House is a Canadian drama film, released in 1995. Written and directed by Laurie Lynd as an adaptation of Daniel MacIvor's one-man play House, the film stars MacIvor as Victor, an antisocial drifter with some hints of paranoid schizophrenia, who arrives in the town of Hope Springs and invites ten strangers into the local church to watch him perform a monologue about his struggles and disappointments in life.

The original play was performed solely by MacIvor. For the film, Lynd added several other actors, giving the audience members some moments of direct interaction and intercutting Victor's monologue with scenes which directly depict the stories he describes.
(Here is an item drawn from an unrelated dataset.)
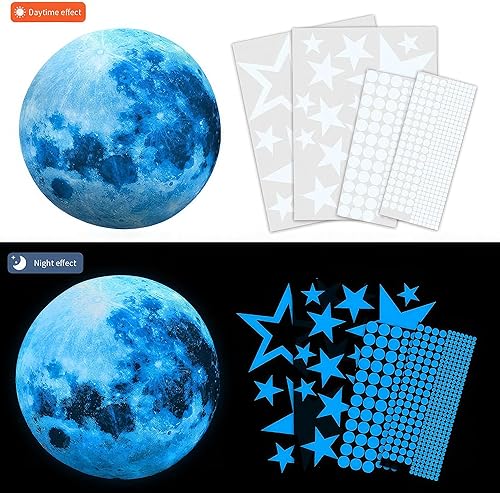 Miniatura 5 de Riakoob Moon and Star Castle - Calcomanías luminosas para pared, brillan en el rosa oscuro, decoración mágica para dormitorios (luna rosa)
The extended cast includes Anne Anglin, Ben Cardinal, Patricia Collins, Jerry Franken, Caroline Gillis, Kathryn Greenwood, Nicky Guadagni, Joan Heney, Rachel Luttrell, Stephen Ouimette, Simon Richards, Christofer Williamson and Jonathan Wilson.

The film premiered at the 1995 Toronto International Film Festival in the Perspectives Canada series, before going into general release in 1996.

The film garnered two Genie Award nominations at the 17th Genie Awards in 1996, for Best Sound Editing (Fred Brennan, Daniel Pellerin, Virginia Storey, Paula Fairfield, Yann Delpuech) and Best Original Song (Michael Timmins, "House on the Horizon".)